Starting at the line that contains "Hello everyone. In" and stopping at the line that contains "We've already mentioned", restate each line of the records below exactly. Omit the pictures.

Segment Start: DATA SHOWN

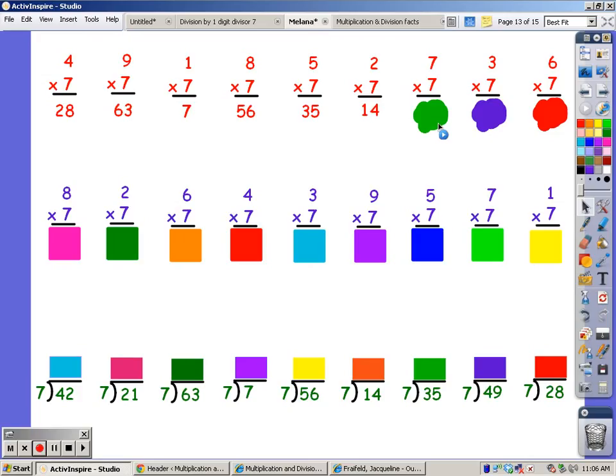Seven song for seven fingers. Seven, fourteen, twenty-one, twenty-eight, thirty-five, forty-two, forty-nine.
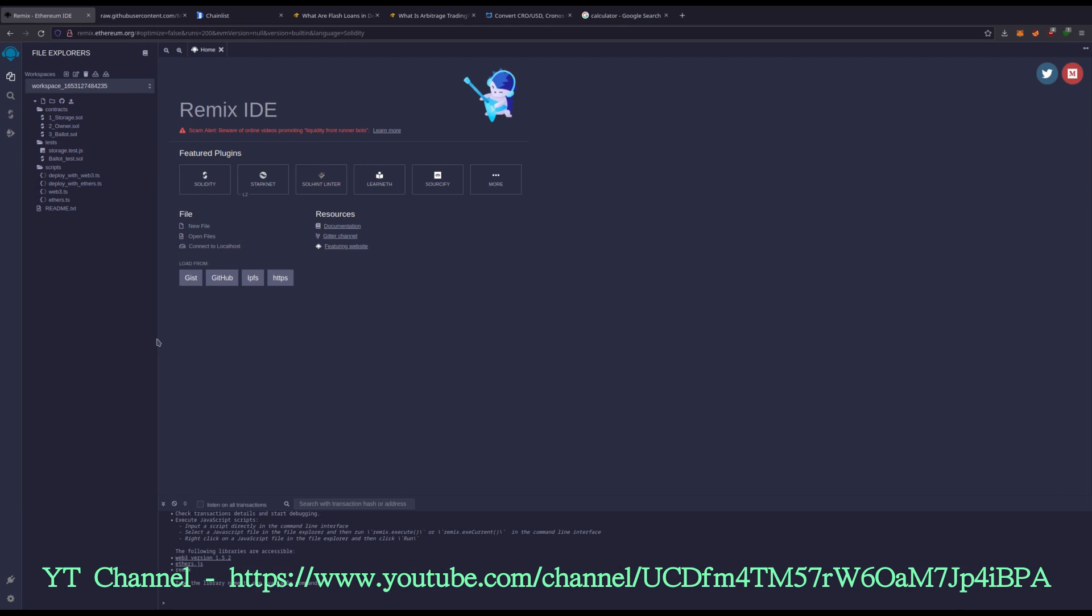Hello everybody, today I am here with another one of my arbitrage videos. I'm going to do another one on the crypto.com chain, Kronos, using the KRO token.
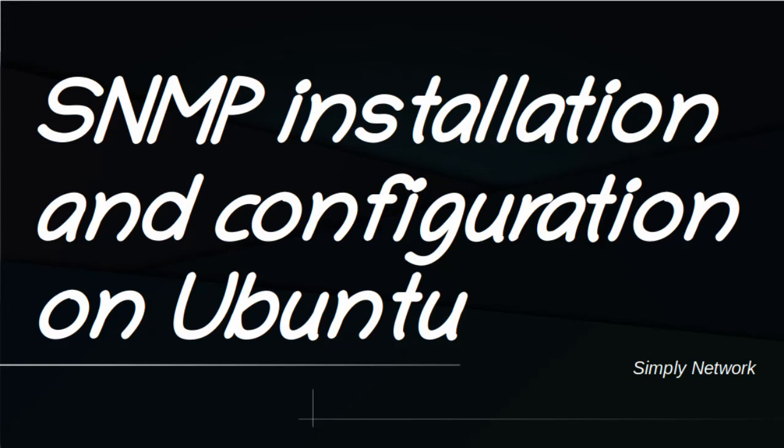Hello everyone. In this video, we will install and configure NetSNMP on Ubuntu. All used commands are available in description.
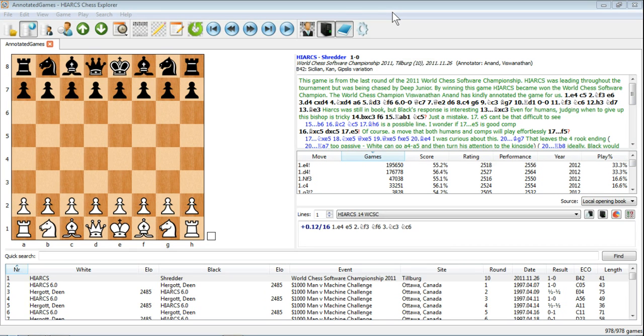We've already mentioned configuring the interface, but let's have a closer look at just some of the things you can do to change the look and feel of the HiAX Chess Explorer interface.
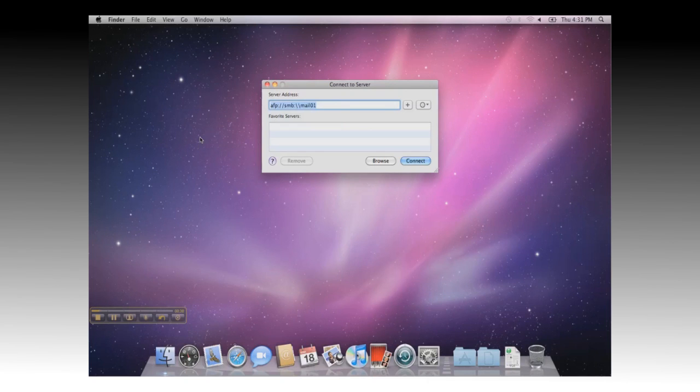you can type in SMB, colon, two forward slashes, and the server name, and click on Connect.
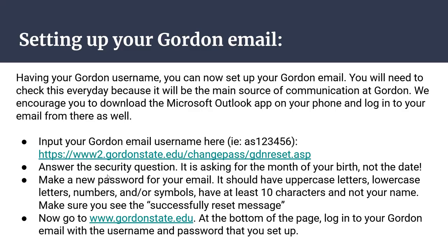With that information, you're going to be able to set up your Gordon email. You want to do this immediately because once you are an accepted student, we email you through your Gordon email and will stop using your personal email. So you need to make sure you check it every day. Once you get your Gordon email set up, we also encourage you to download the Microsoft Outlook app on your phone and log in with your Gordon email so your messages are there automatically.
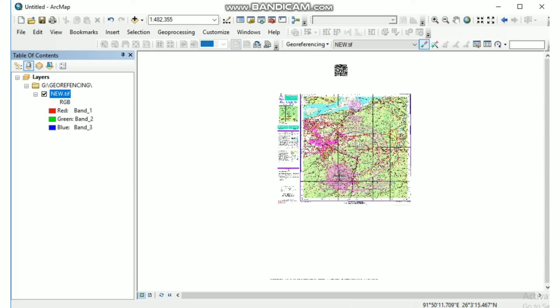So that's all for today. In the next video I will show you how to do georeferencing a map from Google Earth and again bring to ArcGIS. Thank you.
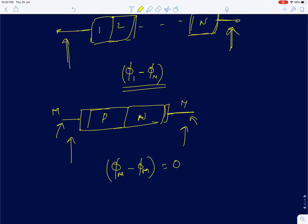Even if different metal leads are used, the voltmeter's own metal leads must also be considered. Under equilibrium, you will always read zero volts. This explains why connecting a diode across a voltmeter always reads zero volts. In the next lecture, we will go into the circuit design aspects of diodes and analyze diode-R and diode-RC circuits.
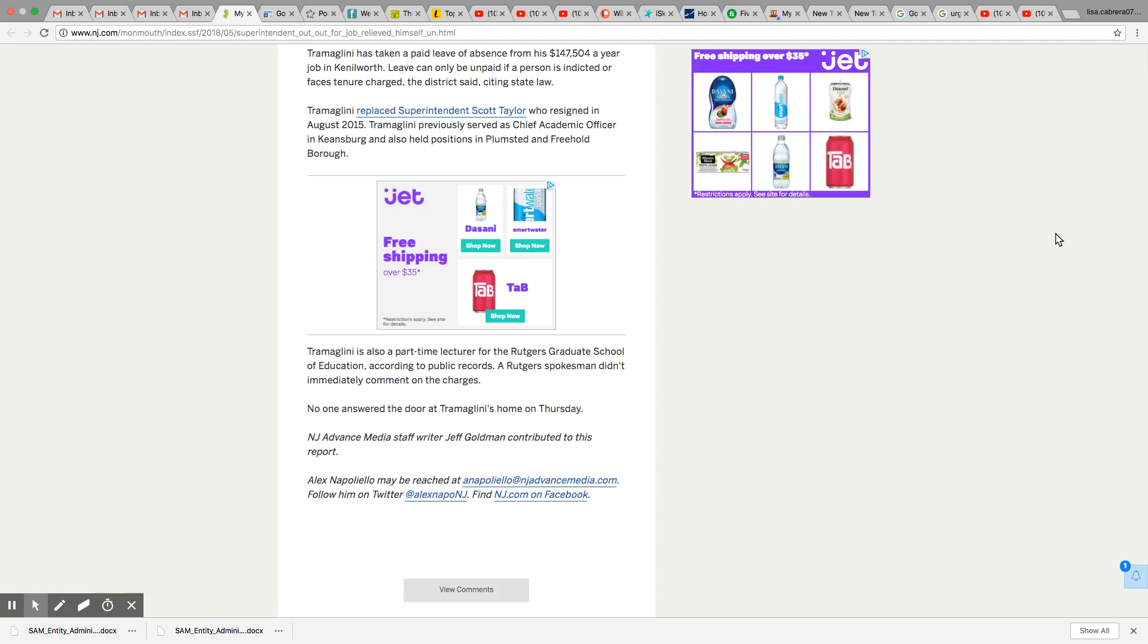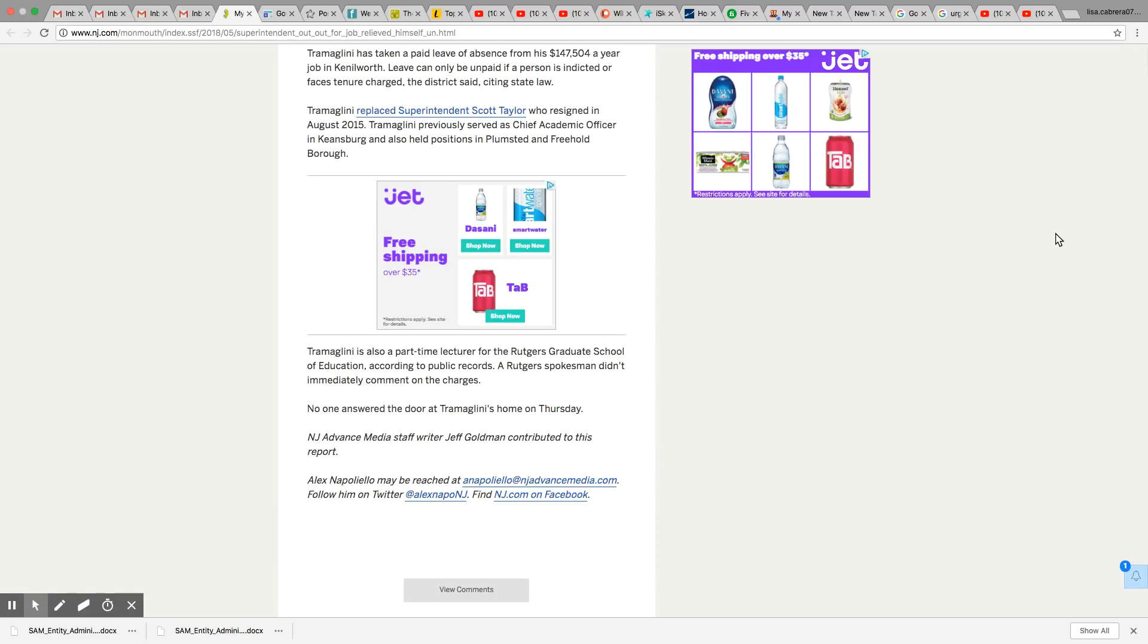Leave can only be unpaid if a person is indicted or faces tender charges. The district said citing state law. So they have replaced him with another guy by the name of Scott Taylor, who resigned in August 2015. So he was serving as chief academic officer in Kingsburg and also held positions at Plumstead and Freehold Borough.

Segment End: DATA SHOWN
Segment Start: DATA SHOWN

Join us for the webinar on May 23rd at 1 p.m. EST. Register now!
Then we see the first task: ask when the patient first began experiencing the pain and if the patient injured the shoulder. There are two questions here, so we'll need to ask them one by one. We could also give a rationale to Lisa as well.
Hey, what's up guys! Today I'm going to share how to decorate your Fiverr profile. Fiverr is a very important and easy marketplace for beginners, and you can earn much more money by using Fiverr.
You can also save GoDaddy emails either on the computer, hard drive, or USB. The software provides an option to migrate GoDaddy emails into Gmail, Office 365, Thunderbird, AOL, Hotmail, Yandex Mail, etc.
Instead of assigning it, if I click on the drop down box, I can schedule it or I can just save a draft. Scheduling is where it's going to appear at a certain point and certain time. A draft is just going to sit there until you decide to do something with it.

Segment End: DATA SHOWN

* _EXERCISE SOLUTION_
Hello everyone. In this video, we will install and configure NetSNMP on Ubuntu. All used commands are available in description.
We've already mentioned configuring the interface, but let's have a closer look at just some of the things you can do to change the look and feel of the HiAX Chess Explorer interface.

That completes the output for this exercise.